Association of Hospitalization, Critical Illness, and Infection with Brain Structure in Older Adults

Keenan A. Walker; Rebecca F. Gottesman; Aozhou Wu; David S. Knopman; Thomas H. Mosley; Alvaro Alonso; Anna Kucharska-Newton; Charles H. Brown

doi:10.1111/jgs.15470

Association of Hospitalization, Critical Illness, and Infection with Brain Structure in Older Adults

Keenan A. Walker, Rebecca F. Gottesman, Aozhou Wu, David S. Knopman, Thomas H. Mosley, Alvaro Alonso, Anna Kucharska-Newton, Charles H. Brown

Neurology

Research output: Contribution to journal › Article › peer-review

5 Scopus citations

Abstract

Objectives: To examine the association between hospitalization, critical illness, and infection occurring during middle- and late-life and structural brain abnormalities in older adults.
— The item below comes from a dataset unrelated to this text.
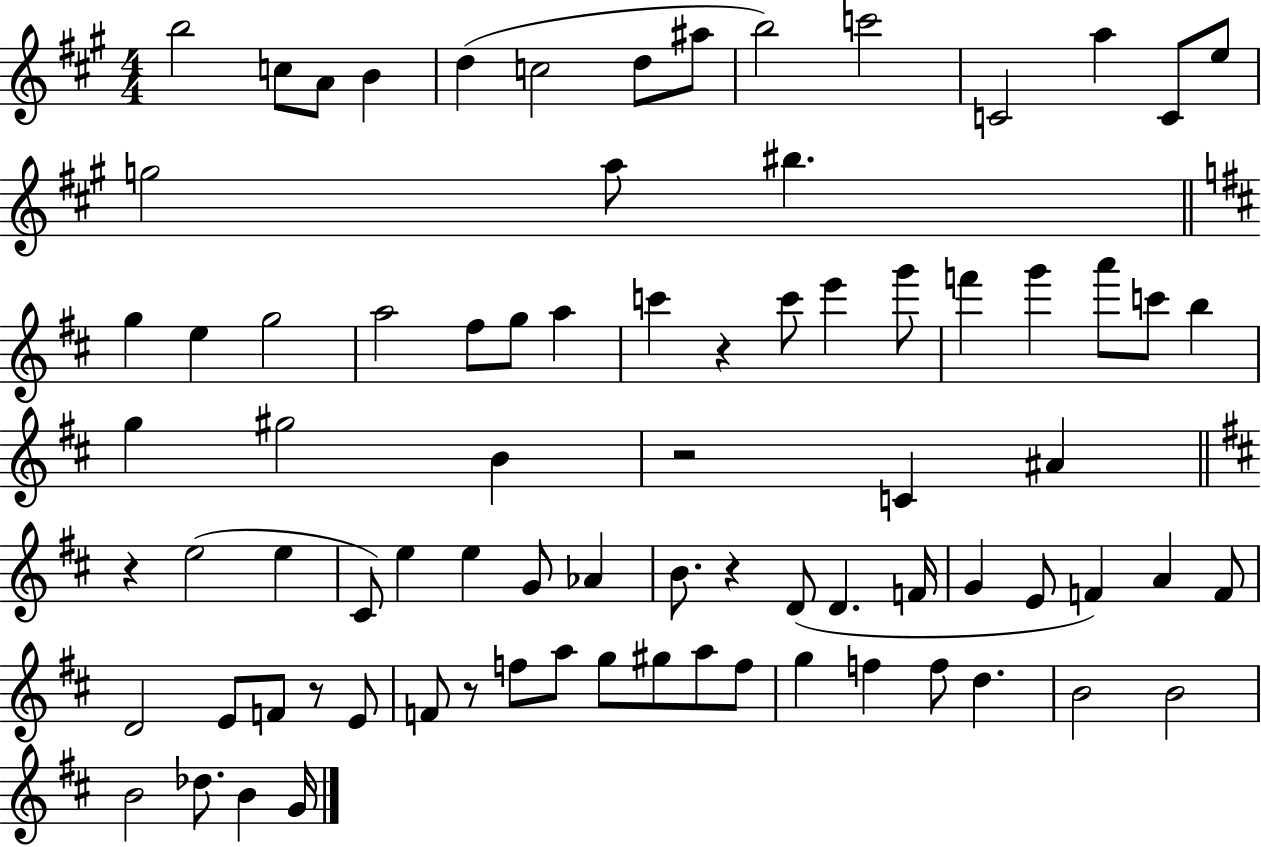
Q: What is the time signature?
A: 4/4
Design: Prospective cohort study. Setting: Atherosclerosis Risk in Communities (ARIC) Study. Participants: A community sample of adults who were 44 to 66 years of age at study baseline. Measurements: Active surveillance of local hospitals and annual participant contact were used to gather hospitalization information (including International Classification of Diseases, Ninth Revision, codes) on all participants over a 24-year surveillance period. Subsequently, a subset of participants underwent 3-Tesla brain magnetic resonance imaging (MRI) to quantify total and regional brain volumes, white matter hyperintensity (WMH) volume, and white matter microstructural integrity (fractional anisotropy (FA) and mean diffusivity (MD) as measured using diffusion tensor imaging (DTI)). Results: Of the 1,689 participants included (mean age at MRI 76±5), 72% were hospitalized, 14% had a major infection, and 4% had a critical illness during the surveillance period. Using covariate-adjusted regression, hospitalization was associated with 0.12–standard deviation (SD) greater WMH volume (95% confidence interval (CI)=0.00–0.24) and poorer white matter microstructural integrity (0.17-SD lower FA, 95% CI=–0.27 to –0.06; 0.16-SD greater MD, 95% CI=0.07–0.25) than no hospitalization. There was a dose-dependent relationship between number of hospitalizations, smaller brain volumes, and lower white matter integrity (p-trends ≤.048). In hospitalized participants, critical illness was associated with smaller Alzheimer's disease (AD) signature region (–1.64 cm³, 95% CI=–3.16 to –0.12); major infection was associated with smaller AD signature region (–1.28 cm³, 95% CI=–2.21 to –0.35) and larger ventricular volume (3.79 cm³, 95% CI= 0.81–6.77). Conclusions: Whereas all-cause hospitalization was primarily associated with lower white matter integrity, critical illness and major infection were associated with smaller brain volume, particularly within regions implicated in AD.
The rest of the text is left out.